396. In the Shadow of the Western Hills

Better days come to those who wait, or at least we hope they do, in “In the Shadow of the Western Hills.”

Track: “In the Shadow of the Western Hills”
Album: Steal Smoked Fish (2012)

“In the Shadow of the Western Hills” appears on the Steal Smoked Fish EP, alongside the song in the title. “Steal Smoked Fish” is one of the absolute best Mountain Goats songs of the last ten years and as a result, I’ve never given as much time as I should to the song that’s paired with it. Both songs go with the cast on Transcendental Youth, where people struggle to connect with the people around them and struggle in much greater terms to connect with themselves. During an introduction to this one, John Darnielle once spoke of the entire package of songs as an attempt to grapple with people in this struggle. With this song specifically, Darnielle imagines (or remembers) a person who is fighting the chemicals that make them do things they don’t want to do or can’t understand.

“Call up Rebecca, maybe try to explain // but she hangs up while I’m still talking, I walk out into the rain” is a sad image, but it’s also sad for Rebecca. Characters are rarely named like this and we never hear anything else from Rebecca, so it’s not like a Jenny character, but it is a real person. It’s not “a friend” or “my love” it is Rebecca, a person, someone else out there who maybe wants you to feel better and maybe can’t even identify that as what you need. This one imagines the pain in both directions, where it’s sad that you wander outside and imagine visions and try to make connections, but it’s also sad how that reads to everyone else.

190. Steal Smoked Fish

John Darnielle offers some advice for his former compatriots in Portland in “Steal Smoked Fish.”

Track: “Steal Smoked Fish”
Album: Transcendental Youth (2012) and Steal Smoked Fish (2012)

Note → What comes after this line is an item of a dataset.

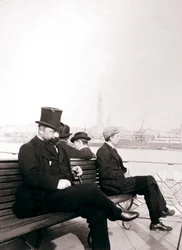 Passagerer på en færge, Rotterdam, 1898.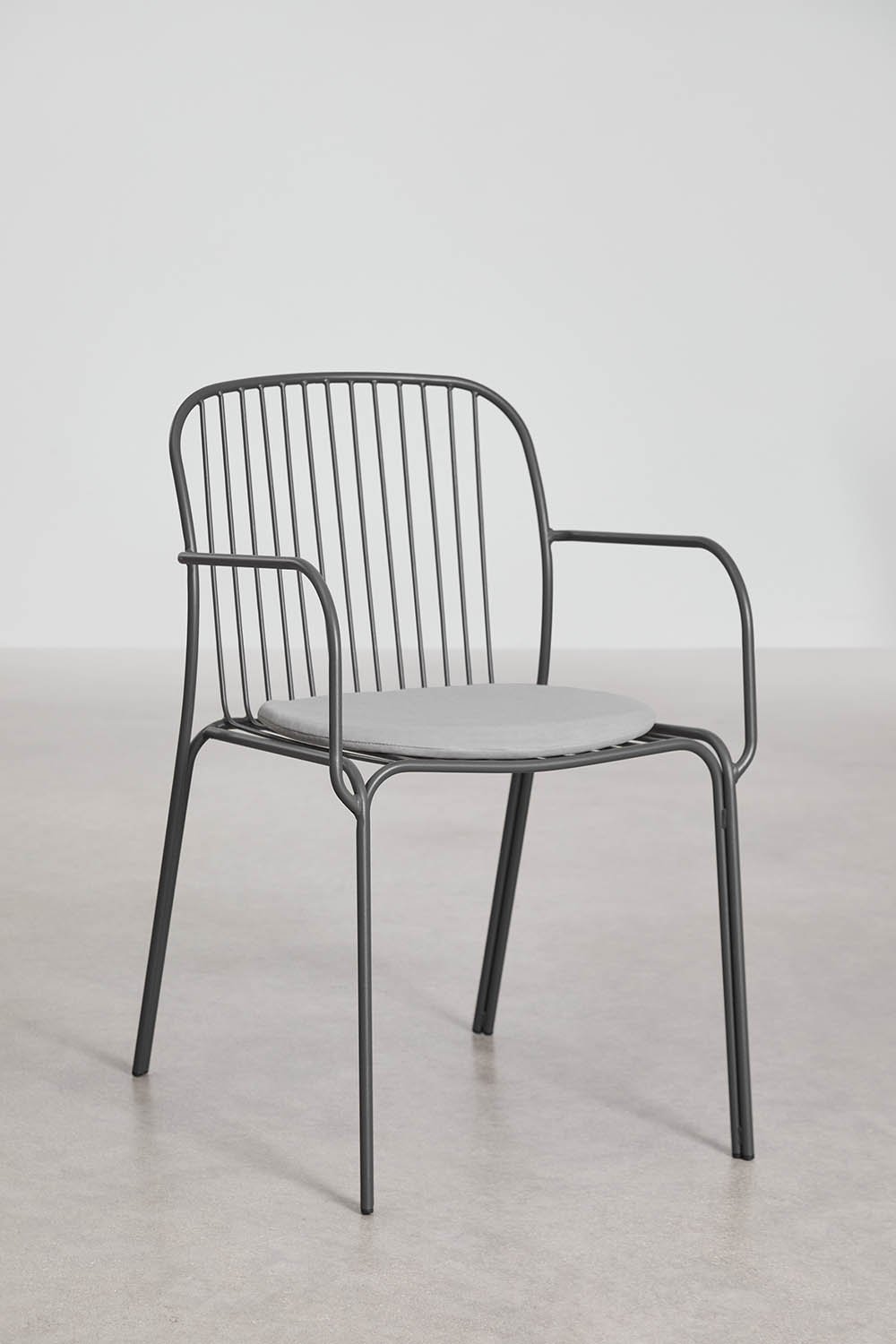 Anerina dining chair with steel armrests, gallery image 1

If you’ve been to Portland, you know the Burnside Bridge. “Steal Smoked Fish” follows some of John Darnielle’s younger accomplices as they cross the bridge, see the iconic “White Stag” sign (before it was bought by the city and rewritten to say “Portland, Oregon”), and raid a convenience store. In another song, “two on point, and two on sentry” at the Plaid Pantry might be a metaphor, but here it’s more likely a literal plan of attack.

There are dozens of songs and multiple albums about John Darnielle’s time in Portland. He’s on the record over and over again about the mistakes of his youth, but “Steal Smoked Fish” allows him to return to those days as an omniscient narrator. In this bonus track from Transcendental Youth, the drug addicts and thieves of Portland “feast when you can // and dream when there’s nothing to feast on.” With perspective, we know this is a way to make it through tough times, but it’s tough to sustain that way in the moment.

Even with a reference to “the joys that the lesser days bring,” this still isn’t a song about good times. The days are lesser not just because you’re older now, but because the points of importance were so petty. You can feel Darnielle’s narrator whispering advice to these characters that they won’t take, but there’s still hope. It’s an interesting duality between memories of those times and hope that characters won’t stay in them in places like “disappear in a cloud of dust // but spare a thought for what it covers up.”

Ultimately, these characters are too far gone. John Darnielle introduces the song live as being about ghosts, but it’s still a story of who they were and both what they did and might have done.